Terça-feira, Março 12th, 2013

Não duvide das verdades de seu coração.

Sinceramente estamos todos assustados com a volta do inverno, prá não dizer decepcionados… a última semana foi muito ensolarada e nos banhamos numa temperatura muito agradável de até 12 graus. Hoje lá fora se pode facilmente congelar ou pegar uma pneumonia. Os campos, as flores que despontavam nos jardins – entre elas as Tulipas e  os sininhos de neve” estão cobertos por uma boa camada de neve. As crianςas estão felizes por poderem ficar em casa, pois os ônibus escolares não estão circulando nesta manhã, talvez não haja mais sal para facilitar e assegurar o trânsito. Sim, o inverno parece interminável. No entanto para nós humanos ainda é tudo facilmente suportável e se reclamamos é por puro tédio, não temos realmente motivo para lamúrias. Já para os animais este contratempo é lamentável, sobretudo para as aves migratórias, as quais estão voltando de seus refúgios no sul e viajando para o norte, onde procriam.

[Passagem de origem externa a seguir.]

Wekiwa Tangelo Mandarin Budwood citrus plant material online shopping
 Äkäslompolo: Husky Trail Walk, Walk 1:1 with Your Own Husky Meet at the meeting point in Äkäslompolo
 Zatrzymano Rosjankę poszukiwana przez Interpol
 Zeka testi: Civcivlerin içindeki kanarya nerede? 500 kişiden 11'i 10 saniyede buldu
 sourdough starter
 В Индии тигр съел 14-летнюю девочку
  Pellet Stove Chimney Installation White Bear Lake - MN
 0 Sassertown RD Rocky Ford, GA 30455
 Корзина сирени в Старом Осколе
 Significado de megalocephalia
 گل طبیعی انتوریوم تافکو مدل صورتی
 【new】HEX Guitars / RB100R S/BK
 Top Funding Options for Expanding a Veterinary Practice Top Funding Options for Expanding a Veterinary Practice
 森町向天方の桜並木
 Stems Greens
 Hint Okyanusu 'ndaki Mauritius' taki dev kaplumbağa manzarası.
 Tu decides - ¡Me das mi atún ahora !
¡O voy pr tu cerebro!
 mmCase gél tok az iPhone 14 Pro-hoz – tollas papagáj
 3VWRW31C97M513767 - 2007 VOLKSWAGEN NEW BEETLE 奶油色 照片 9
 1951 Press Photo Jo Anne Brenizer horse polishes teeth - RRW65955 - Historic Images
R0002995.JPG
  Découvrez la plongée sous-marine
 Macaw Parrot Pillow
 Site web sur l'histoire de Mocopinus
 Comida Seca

Na última semana pude ainda observar  no nosso céu azul mais um bando de Kraniche/ Grou atravessando a vila e me fascinei mais uma vez com o som que emitem – o que para mim significa uma música linda, a música da primavera e a formaςão em V que utilizam para voar através de grande distâncias. O significado desta formação ouvi há anos atrás quando ainda trabalhava na SRE de Itajubá. Em uma daquelas muitas reuniões minha chefe leu um texto sobre as aves migratórias e a formação V. Fiquei impressionada e sensibilizada com mais este fascínio e sabedoria que impregna a Natureza. Atualmente tenho o privilegio de observar estas aves e a formaςão que utilizam nas suas grandes viagens. Esta formação trata-se da sobrevivência dos animais mais frágeis. Para que todo o bando possa atravessar com vida as interpéries de uma longa viagem os pássaros mais fortes compõem a ponta do V, freando assim de certa forma o vento para os pássaros mais frágeis, os quais então despendem muito menos energia durante o vôo tendo possibilidade de sobreviverem à trajetória. Fascinante também é o fato de que os pássaros que voam na ponta se revesam nas posições estratégicas, assim eles garantem a todos uma possibilidade de reabastecimento de energia. Não é lindo? Penso agora em como nós humanos poderíamos aprender tanto mais com os fênomenos naturais se tívessemos a calma e a humildade para observá-los, compreendê-los, aceitá-los, imitá-los.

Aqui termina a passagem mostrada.